Accurate depiction of the relative importance of African characters in Tarzan

Accurate depiction of the relative importance of African characters in Tarzan

Jackson’s character, a Civil War veteran, is old enough to know many, many ex-slaves. Yet he never mentions American slavery, which should have been a prime motivation for him. And he, the most important and effective black man in the story, is not an African, but an entirely assimilated black American. Yes, Williams was actually there, and he was a black American. But wouldn’t it have been more interesting if the primary instigator of the story, the person ready to move heaven and earth (and the very reluctant Tarzan) to save the Congo was a Congolese character fighting for his home?

Ultimately, this movie brings us back to the essential problem with any story about Tarzan, and it’s the same problem we see with many other post-colonial stories such as Avatar and Dances with Wolves. The hero of any Tarzan story is always Tarzan, the white man. In this movie as in every other Tarzan story I’ve ever seen, the indigenous people of Africa serve, once again, as background characters in their own country and their own history – background to a contest between two white men for the control of the Africans’ continent.

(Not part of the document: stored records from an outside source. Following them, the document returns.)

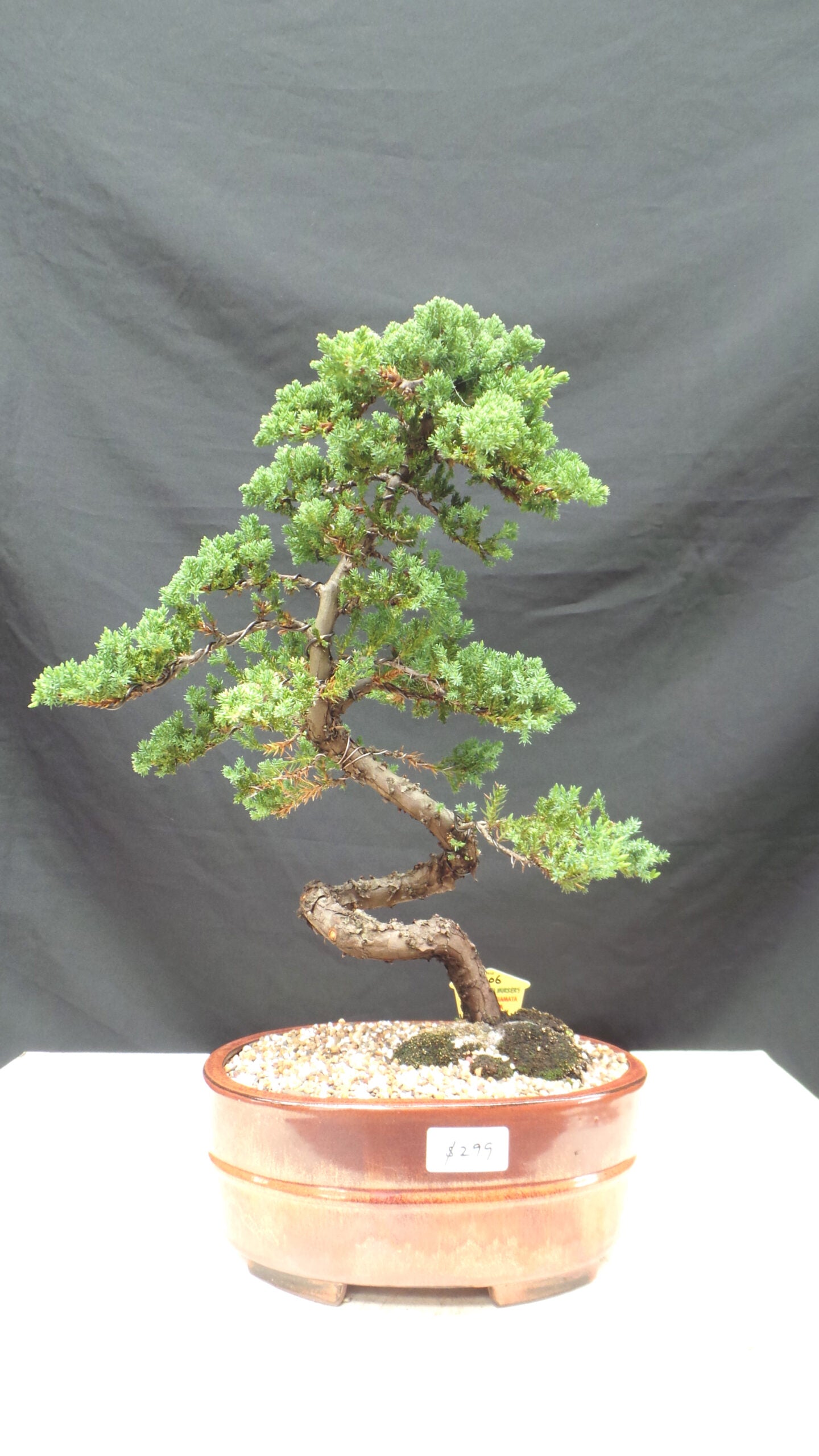 Flaky Juniper prostrata Bonsai (Juniperus squamata)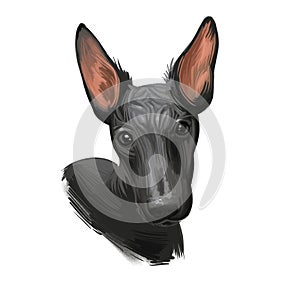 Peruvian Hairless dog portrait isolated. Digital for web, t-shirt print and puppy food cover design, clipart. Perro Sin Pelo de photo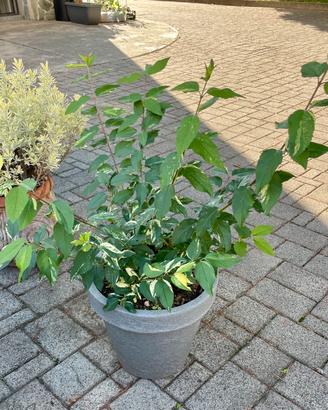 Pianta Forsizia „variegata“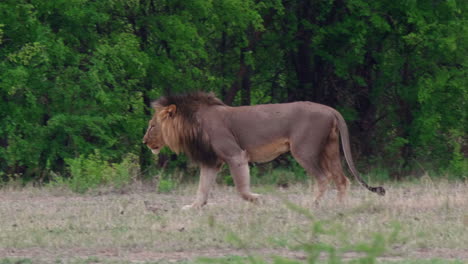 El-León-Del-Cabo-Con-Su-Distintiva-Melena-De-Color-Negro-Caminando-Casualmente-Dentro-Del-Parque-Nacional-Nxai-Pan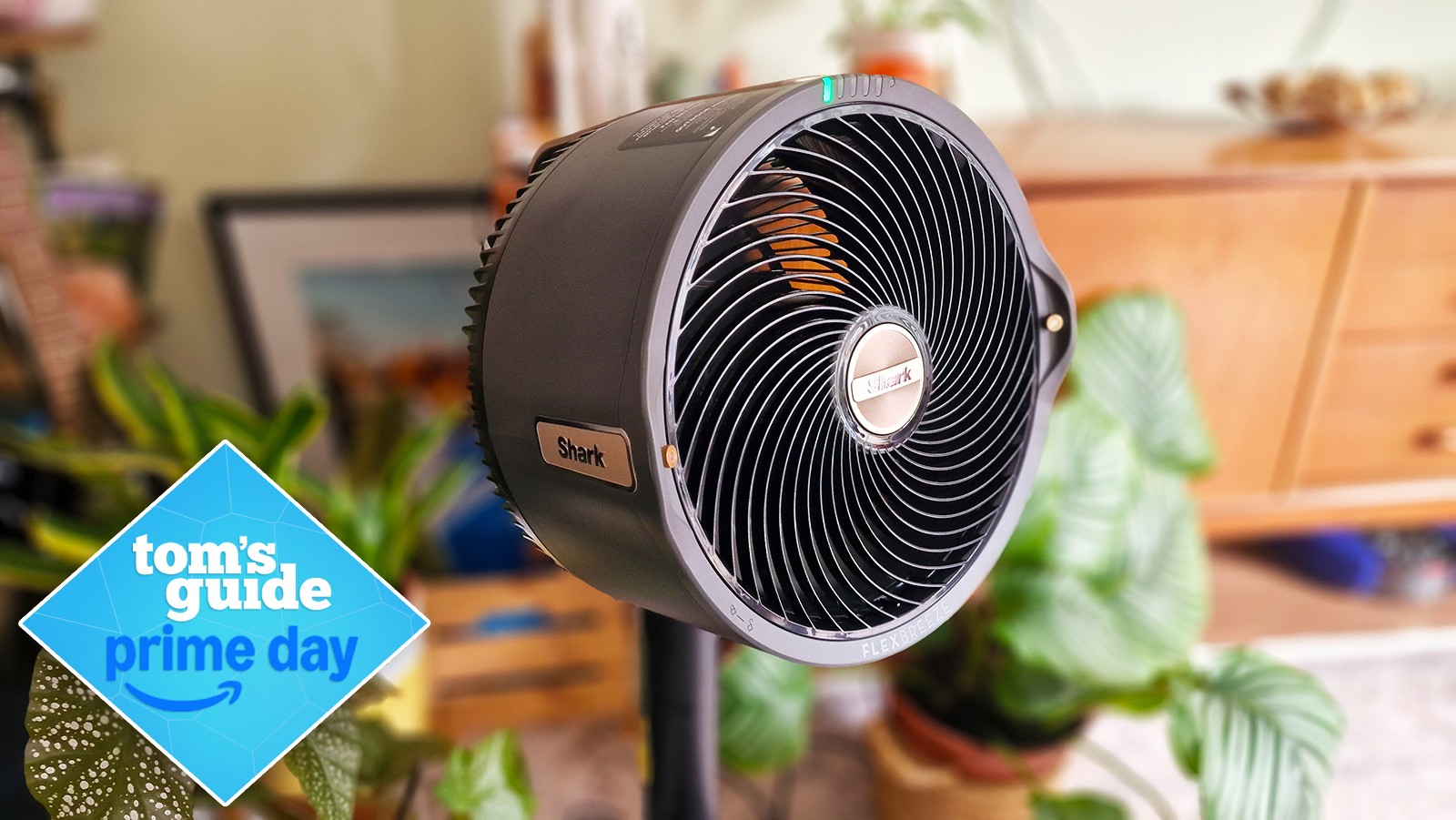 Shark FlexBreeze Pro Mist Indoor Outdoor Pedestal & Table Fan With Water Tank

What would it take to tell the story of the Belgian Congo through the eyes of that Congolese hero? I don’t know, but it’s surely worth doing.

Postscript: While I was drafting this, the internet (or at least the Potterhead part of it) burst into flames over J.K. Rowling incorporating elements of American Indian (specifically Navajo) mythology in her History of North American Magic  (“Magical natives” is another very common element of the “noble savage” archetype). I’m adding here a link to the National Geographic article on the controversy, since it discusses the “noble savage” archetype along with several other destructive ways that Indians, Africans, and other traditional societies are portrayed in Western literature.

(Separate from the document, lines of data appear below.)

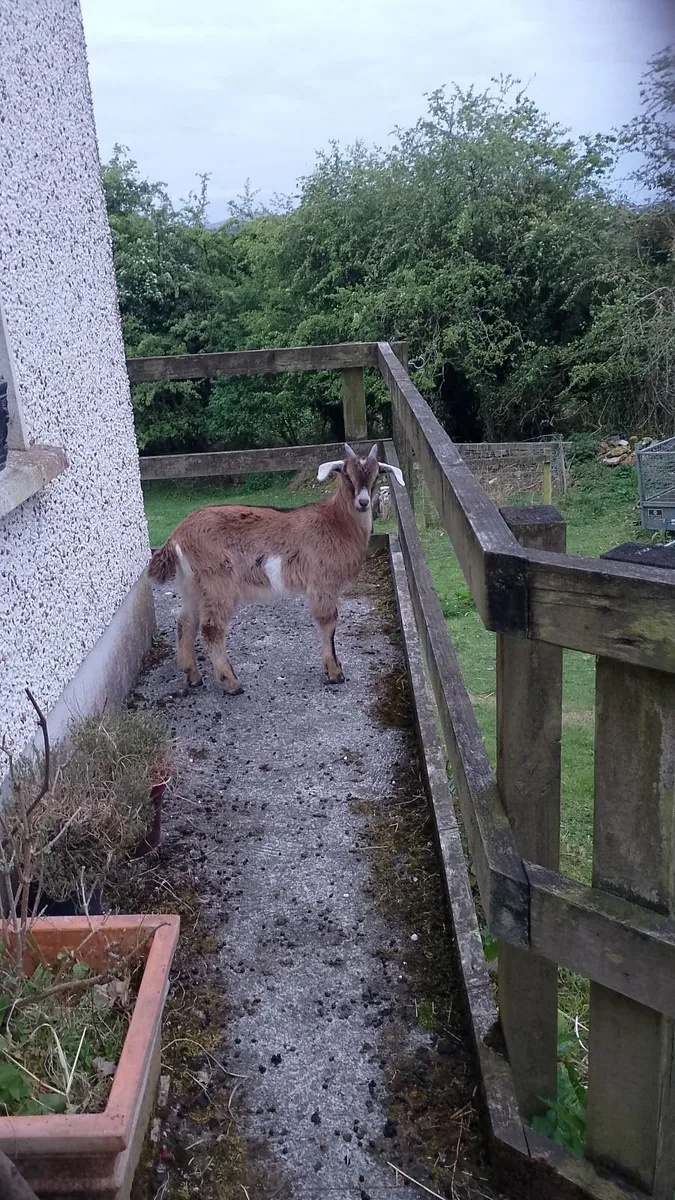 Kid goat male, neutered pigmy male, breeding male - Image 4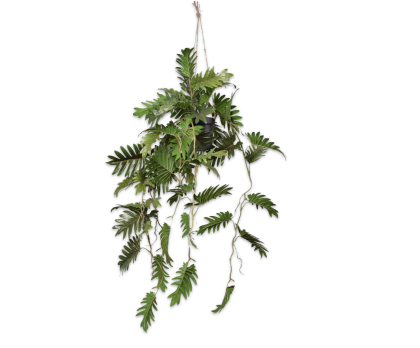 PHILODENDRON HANG GREEN  104 CM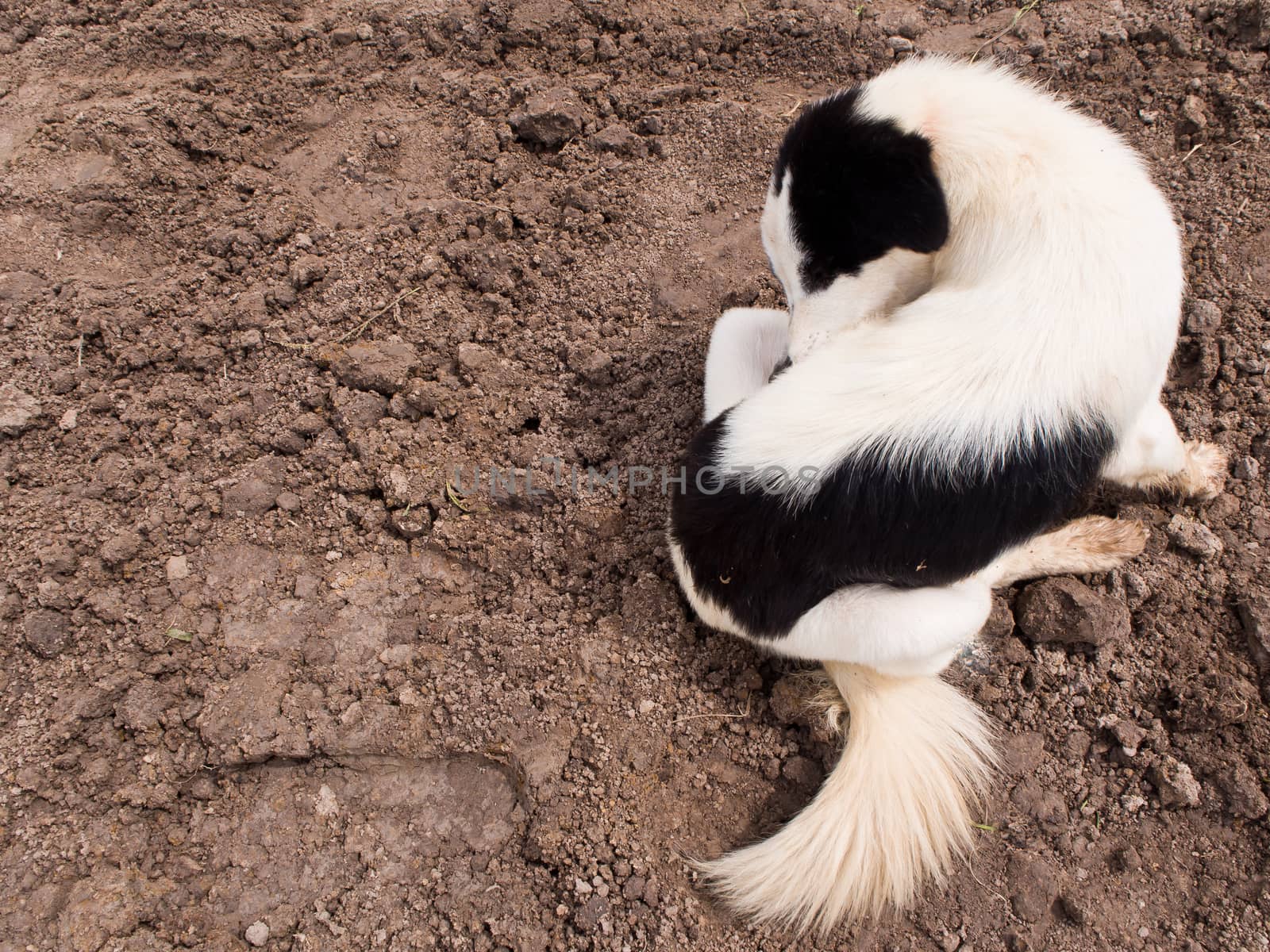 The white and black dog sit on ground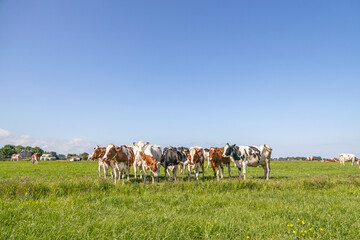 Group cows standing together in a green field, panoramic wide view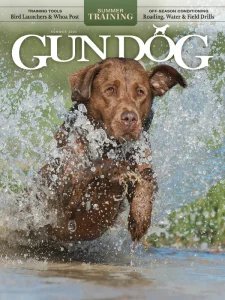Gun Dog - Summer 2025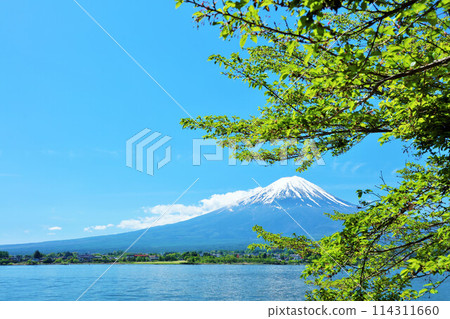 Early summer blue sky and fresh green scenery, and Mt. Fuji 114311660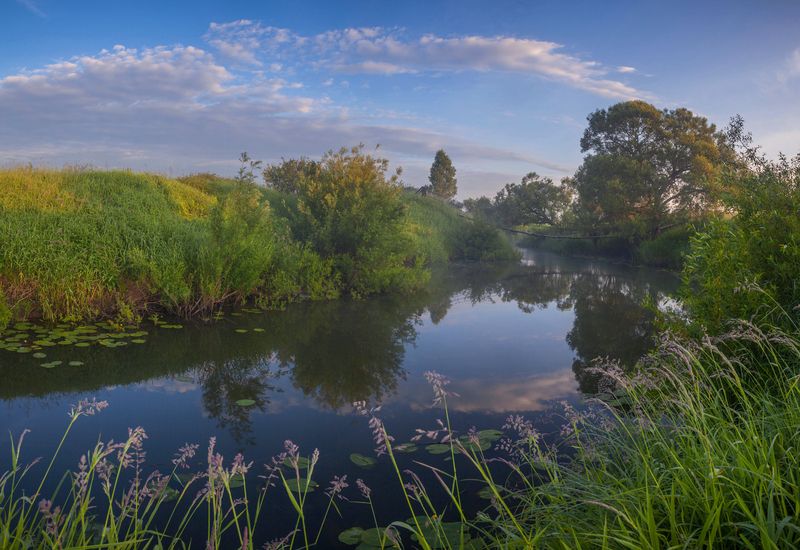 лето , река, мостик photo preview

http://news.nationalgeographic.com/2016/03/160311-history-of-magic-in-north-america-jk-rowling-native-american-stereotypes/


Responses

  1. A very balanced critique and I am also troubled by some of the white normative blindness in the premise of the noble savage, along with some cruel historical ironies it carries with it however well intentioned.

  2. Good, concise analysis. As someone who took multiple African history classes in college I was happy to see a mainstream Hollywood film tackle this era, though I had the same reservations as you. Most likely they omitted the worst aspects of the Congo “Free” State because they wanted a family friendly PG-13 rating. Massacres, rapes, torture and amputations as punishment would guarantee an R, which would be problematic for an iconic character who’s most recent film was made by Disney.

  3. Thanks for commenting, DJ. I’m sorry I didn’t see this sooner, but I’ve had a very busy spring!(Now that you’ve had a comment is approved, you are released from the approvals queue, so if you comment again, it will post immediately)
    Yes, I’m sure you are right that showing more atrocities would have trashed their PG rating. I still wish they had found a way to at least indicate the scale of the atrocities: maybe just a mention of numbers of massacred/enslaved villages, how many died building those railroads, a quick glimpse of a few torture survivors.
    Ah, well. At least its an improvement over how past incarnations of Tarzan portrayed Africans.